The United States’s progress on implementing the beneficial ownership information (BOI) reporting requirements contained within the Corporate Transparency Act (CTA) earned it praise from the intergovernmental Financial Action Task Force (FATF).

The FATF upgraded the United States to “largely compliant” with its recommendations on transparency and beneficial ownership of legal persons. The designation, announced in a report published Tuesday, snaps a run of seven straight evaluations where the country was deemed noncompliant.

“The United States’s upgraded rating is a result of nearly a decade of hard work by the Treasury Department, along with our interagency partners, to stop the flow of dirty money through anonymous companies,” said Treasury Secretary Janet Yellen in a press release. “As the world’s largest economy, we have a unique responsibility to safeguard our financial system from criminal exploitation. We’re fully committed to strengthening the implementation of the FATF’s global standards as we work to advance transparency and fairness across the U.S. financial system.”

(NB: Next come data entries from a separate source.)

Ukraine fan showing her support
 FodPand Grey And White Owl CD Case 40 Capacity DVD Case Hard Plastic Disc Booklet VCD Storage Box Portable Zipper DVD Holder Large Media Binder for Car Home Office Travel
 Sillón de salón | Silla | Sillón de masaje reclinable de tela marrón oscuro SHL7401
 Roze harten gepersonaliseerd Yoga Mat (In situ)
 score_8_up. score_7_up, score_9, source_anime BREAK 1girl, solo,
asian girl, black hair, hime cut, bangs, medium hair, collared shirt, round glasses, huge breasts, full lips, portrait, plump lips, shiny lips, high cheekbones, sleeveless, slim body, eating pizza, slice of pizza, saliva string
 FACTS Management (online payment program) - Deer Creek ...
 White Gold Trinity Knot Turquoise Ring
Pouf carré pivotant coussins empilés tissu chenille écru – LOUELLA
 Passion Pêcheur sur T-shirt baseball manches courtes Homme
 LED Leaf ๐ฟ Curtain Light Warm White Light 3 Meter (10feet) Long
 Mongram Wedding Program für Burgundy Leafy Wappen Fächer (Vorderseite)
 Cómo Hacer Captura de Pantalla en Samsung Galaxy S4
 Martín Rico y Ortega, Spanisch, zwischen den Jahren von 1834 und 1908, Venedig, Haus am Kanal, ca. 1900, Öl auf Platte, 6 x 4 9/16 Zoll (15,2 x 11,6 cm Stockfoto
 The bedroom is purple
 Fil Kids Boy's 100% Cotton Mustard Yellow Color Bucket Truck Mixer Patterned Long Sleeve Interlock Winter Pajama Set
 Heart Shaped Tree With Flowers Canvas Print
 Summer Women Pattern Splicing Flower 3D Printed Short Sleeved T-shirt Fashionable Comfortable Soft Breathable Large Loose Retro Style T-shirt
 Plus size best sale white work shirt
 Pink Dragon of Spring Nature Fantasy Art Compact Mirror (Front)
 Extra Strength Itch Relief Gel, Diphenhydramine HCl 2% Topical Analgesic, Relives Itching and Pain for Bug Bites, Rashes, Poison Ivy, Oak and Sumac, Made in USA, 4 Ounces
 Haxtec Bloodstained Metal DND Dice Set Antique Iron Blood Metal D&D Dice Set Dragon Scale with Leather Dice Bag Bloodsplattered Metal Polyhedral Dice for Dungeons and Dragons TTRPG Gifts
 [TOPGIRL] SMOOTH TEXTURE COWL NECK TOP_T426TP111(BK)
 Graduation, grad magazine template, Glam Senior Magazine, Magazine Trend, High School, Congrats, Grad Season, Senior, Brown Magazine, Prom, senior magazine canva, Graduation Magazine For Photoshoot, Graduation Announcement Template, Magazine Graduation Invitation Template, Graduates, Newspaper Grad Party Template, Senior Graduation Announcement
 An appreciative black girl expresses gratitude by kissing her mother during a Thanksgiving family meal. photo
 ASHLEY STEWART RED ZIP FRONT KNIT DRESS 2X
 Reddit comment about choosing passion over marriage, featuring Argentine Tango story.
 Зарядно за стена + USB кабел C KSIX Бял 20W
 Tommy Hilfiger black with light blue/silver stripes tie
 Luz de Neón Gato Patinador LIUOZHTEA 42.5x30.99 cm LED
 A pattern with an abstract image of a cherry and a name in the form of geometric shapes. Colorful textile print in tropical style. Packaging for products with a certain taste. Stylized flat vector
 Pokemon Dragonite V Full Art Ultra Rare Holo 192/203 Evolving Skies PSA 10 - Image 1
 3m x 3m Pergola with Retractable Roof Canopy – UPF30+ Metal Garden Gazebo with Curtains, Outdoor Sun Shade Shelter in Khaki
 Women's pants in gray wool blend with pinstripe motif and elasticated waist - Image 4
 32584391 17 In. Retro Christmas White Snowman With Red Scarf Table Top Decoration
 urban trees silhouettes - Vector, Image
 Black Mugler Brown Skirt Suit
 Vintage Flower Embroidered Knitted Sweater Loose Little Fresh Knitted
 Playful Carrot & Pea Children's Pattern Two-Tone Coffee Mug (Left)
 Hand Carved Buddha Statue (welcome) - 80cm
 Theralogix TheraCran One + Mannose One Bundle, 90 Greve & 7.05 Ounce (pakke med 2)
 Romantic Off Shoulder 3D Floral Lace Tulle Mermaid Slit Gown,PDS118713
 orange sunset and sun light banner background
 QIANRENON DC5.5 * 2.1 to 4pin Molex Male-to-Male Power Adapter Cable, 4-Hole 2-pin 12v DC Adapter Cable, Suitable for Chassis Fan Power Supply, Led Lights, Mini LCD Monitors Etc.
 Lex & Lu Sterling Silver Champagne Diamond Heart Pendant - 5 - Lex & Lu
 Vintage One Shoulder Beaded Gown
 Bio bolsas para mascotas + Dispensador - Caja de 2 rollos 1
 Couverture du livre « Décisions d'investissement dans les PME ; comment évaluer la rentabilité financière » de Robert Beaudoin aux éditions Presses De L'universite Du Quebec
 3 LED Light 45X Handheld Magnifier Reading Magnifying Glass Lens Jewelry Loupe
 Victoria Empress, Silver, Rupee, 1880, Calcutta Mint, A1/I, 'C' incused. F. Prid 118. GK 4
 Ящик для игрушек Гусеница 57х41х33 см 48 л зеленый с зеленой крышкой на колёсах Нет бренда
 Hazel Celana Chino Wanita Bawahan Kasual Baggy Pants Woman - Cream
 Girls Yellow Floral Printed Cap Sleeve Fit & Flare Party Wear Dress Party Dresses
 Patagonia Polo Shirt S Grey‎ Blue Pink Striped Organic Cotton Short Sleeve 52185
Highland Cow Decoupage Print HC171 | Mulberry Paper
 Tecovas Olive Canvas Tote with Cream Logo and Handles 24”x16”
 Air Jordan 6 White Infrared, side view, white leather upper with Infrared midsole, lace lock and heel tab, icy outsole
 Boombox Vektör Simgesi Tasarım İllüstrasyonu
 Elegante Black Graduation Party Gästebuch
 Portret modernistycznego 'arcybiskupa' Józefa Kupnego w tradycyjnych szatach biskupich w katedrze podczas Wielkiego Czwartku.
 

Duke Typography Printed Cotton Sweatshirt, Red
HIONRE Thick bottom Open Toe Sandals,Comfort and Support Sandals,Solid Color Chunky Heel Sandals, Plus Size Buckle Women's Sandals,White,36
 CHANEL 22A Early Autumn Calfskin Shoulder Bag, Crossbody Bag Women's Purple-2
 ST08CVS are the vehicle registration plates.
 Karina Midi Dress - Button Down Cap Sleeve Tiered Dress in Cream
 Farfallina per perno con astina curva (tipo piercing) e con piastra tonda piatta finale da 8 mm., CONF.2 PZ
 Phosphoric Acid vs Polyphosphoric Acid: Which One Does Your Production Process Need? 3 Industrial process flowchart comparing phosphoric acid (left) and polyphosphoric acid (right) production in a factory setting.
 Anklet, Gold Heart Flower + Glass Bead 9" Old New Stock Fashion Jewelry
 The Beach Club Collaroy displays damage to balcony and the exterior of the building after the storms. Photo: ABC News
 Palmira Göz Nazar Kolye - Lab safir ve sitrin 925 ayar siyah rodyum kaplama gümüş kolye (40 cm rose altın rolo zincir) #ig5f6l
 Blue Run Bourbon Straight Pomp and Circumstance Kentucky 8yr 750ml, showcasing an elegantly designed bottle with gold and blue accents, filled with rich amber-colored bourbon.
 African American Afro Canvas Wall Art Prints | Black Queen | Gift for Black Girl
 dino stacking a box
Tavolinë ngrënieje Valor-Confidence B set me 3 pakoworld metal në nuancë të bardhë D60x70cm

The BOI reporting requirement of the CTA took effect Jan. 1 and requires reporting companies to file information about their beneficial owners to the Treasury’s Financial Crimes Enforcement Network by Jan. 1, 2025, or within 90 days if they create a new company in 2024. Though the FATF favors the rule, its constitutionality was called into question earlier this month by an Alabama judge’s ruling.

The Treasury announced March 11 it appealed the judge’s ruling.

Despite its praise for the United States, the FATF still flagged the country as noncompliant in three areas of its review, all of which related to the regulation, supervision, and reporting requirements of designated nonfinancial businesses and professions.